### RAW DATA

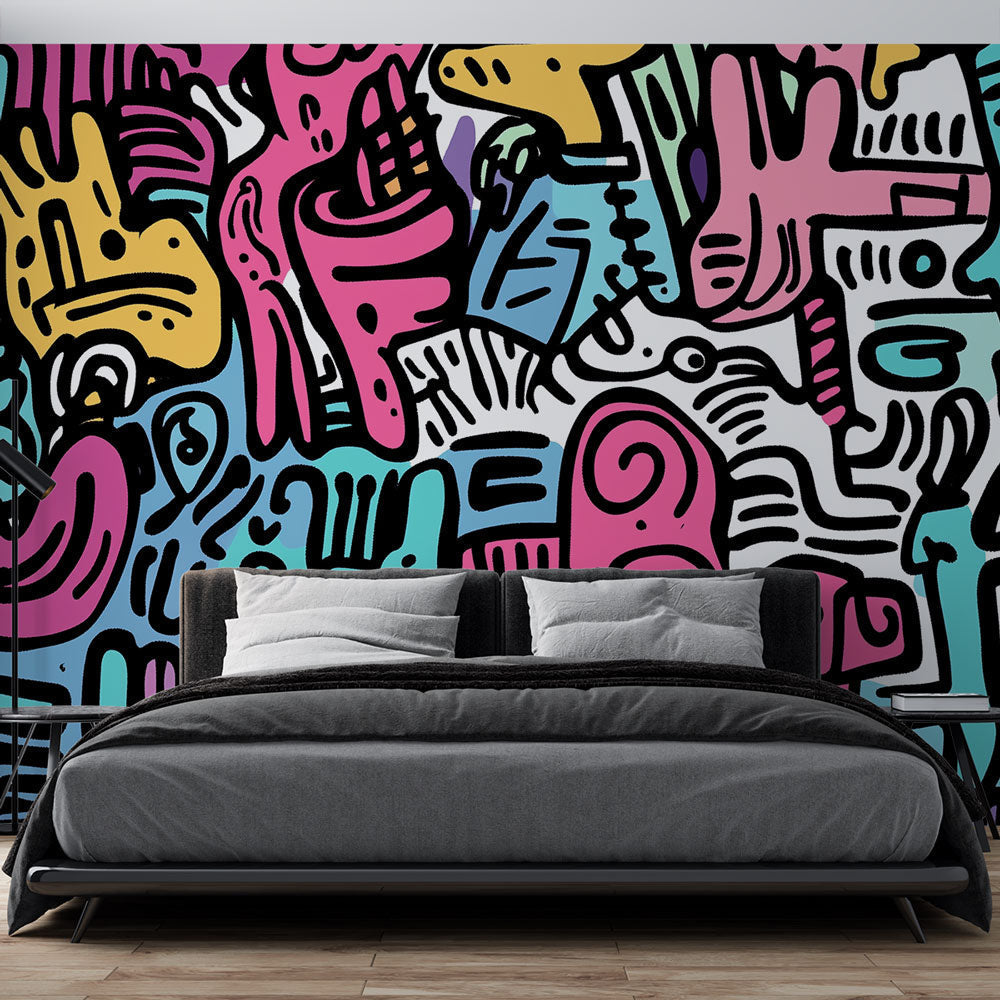 Street art mural wallpaper showcased in a modern living room, bringing urban flair to contemporary interiors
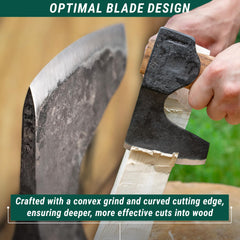 Close-up of BeaverCraft AX6 razor-sharp blade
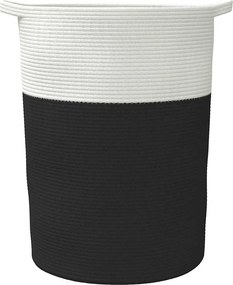 vidaXL Καλάθι Αποθήκευσης Μαύρο και Λευκό Ø49x65 εκ. Βαμβακερό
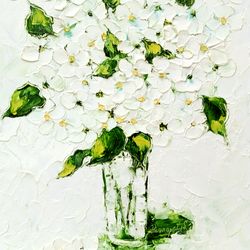 abstract floral painting white hydrangea in vase original art oil painting palette knife green flower painting 14x11 inc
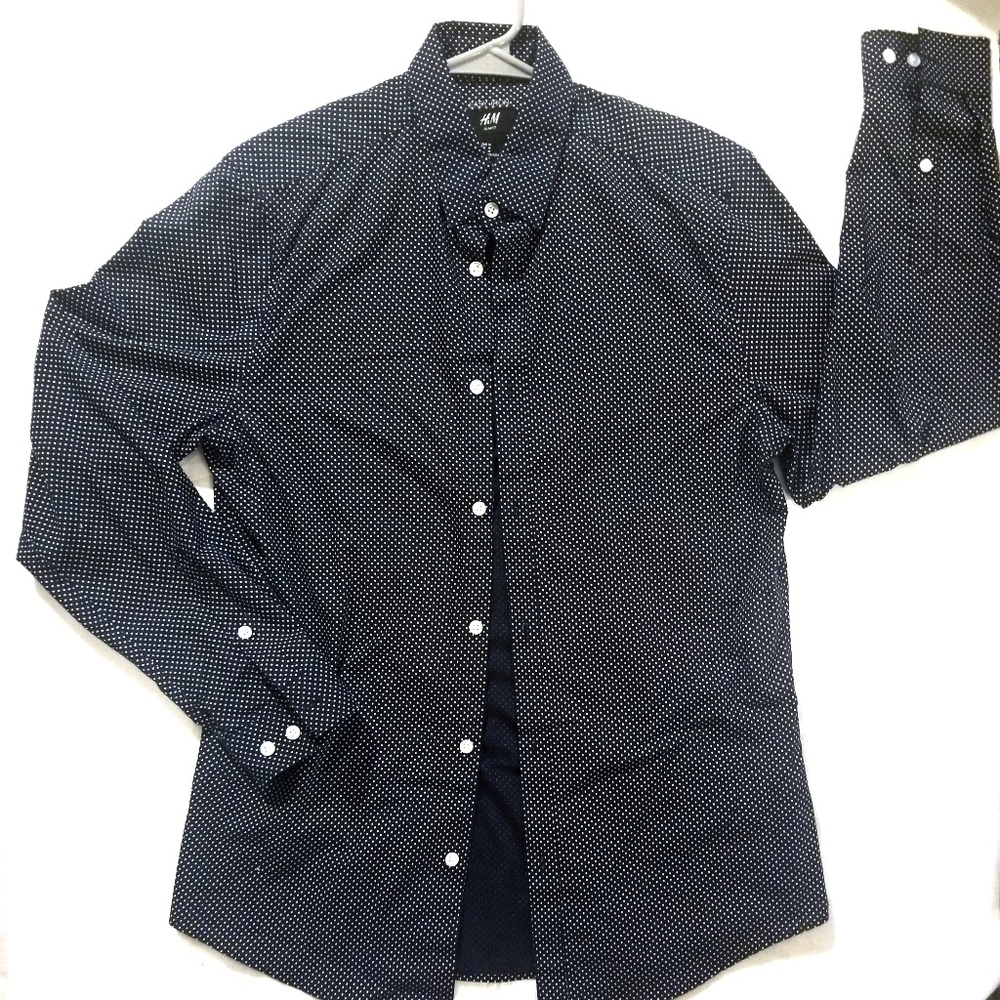 H&M Men Polka Dot Slim Fit Button Up size Medium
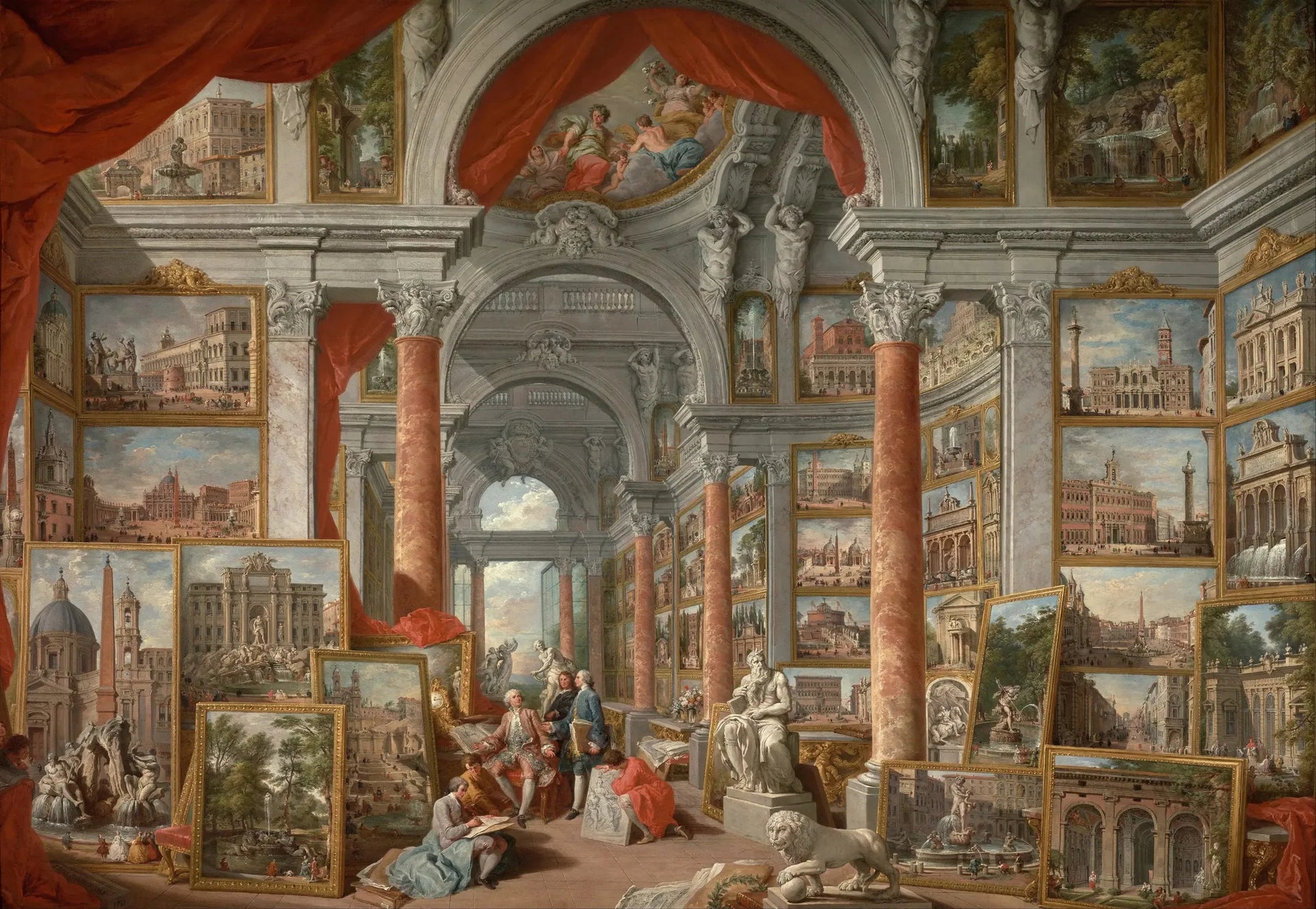 Galerie de vues de la Rome moderne - Giovanni Paolo Panini image 1 copie peinte à la main à l’huile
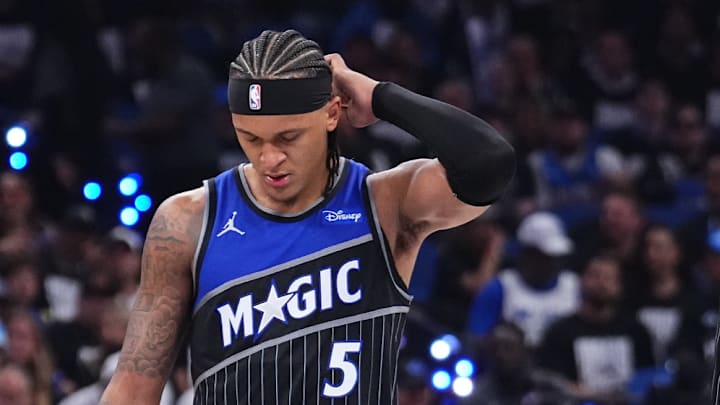 Paolo Banchero reacts after a call in Game 6 against the Pistons.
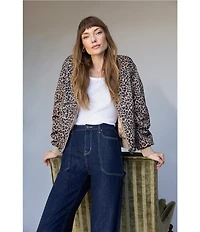 Sanctuary Monroe Leopard Print Sateen Banded Long Sleeve Bomber Jacket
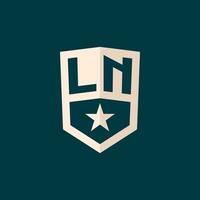 Initial LN logo star shield symbol with simple design vector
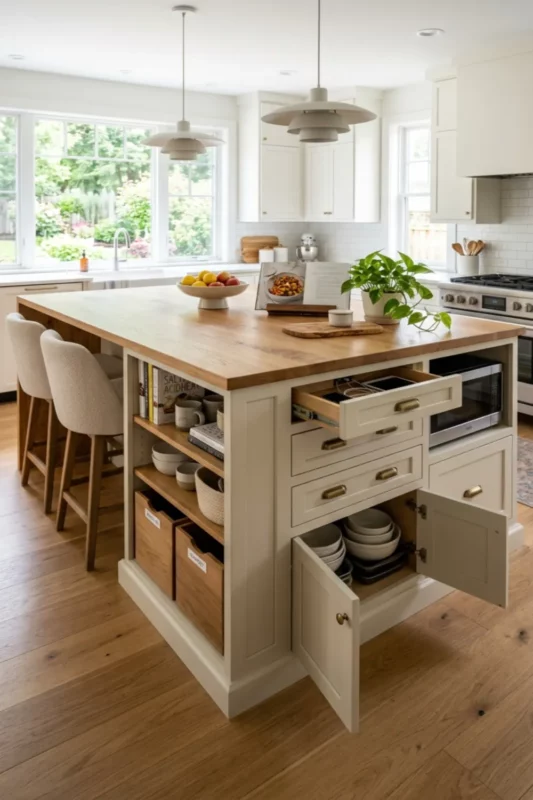 Blue Painted Farmhouse Island With Rustic Oak Top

######

◆ **WHAT IS REQUIRED**: Retype only the lines from the one with "Close-up of BeaverCraft" through the final line of the entries, please, and keep the pictures out.

◆ **RESPONSE TO THE EXERCISE**:
 Close-up of BeaverCraft AX6 razor-sharp blade
 vidaXL Καλάθι Αποθήκευσης Μαύρο και Λευκό Ø49x65 εκ. Βαμβακερό
 abstract floral painting white hydrangea in vase original art oil painting palette knife green flower painting 14x11 inc
 H&M Men Polka Dot Slim Fit Button Up size Medium
 Galerie de vues de la Rome moderne - Giovanni Paolo Panini image 1 copie peinte à la main à l’huile
 Paolo Banchero reacts after a call in Game 6 against the Pistons.
 Sanctuary Monroe Leopard Print Sateen Banded Long Sleeve Bomber Jacket
 Initial LN logo star shield symbol with simple design vector
 Blue Painted Farmhouse Island With Rustic Oak Top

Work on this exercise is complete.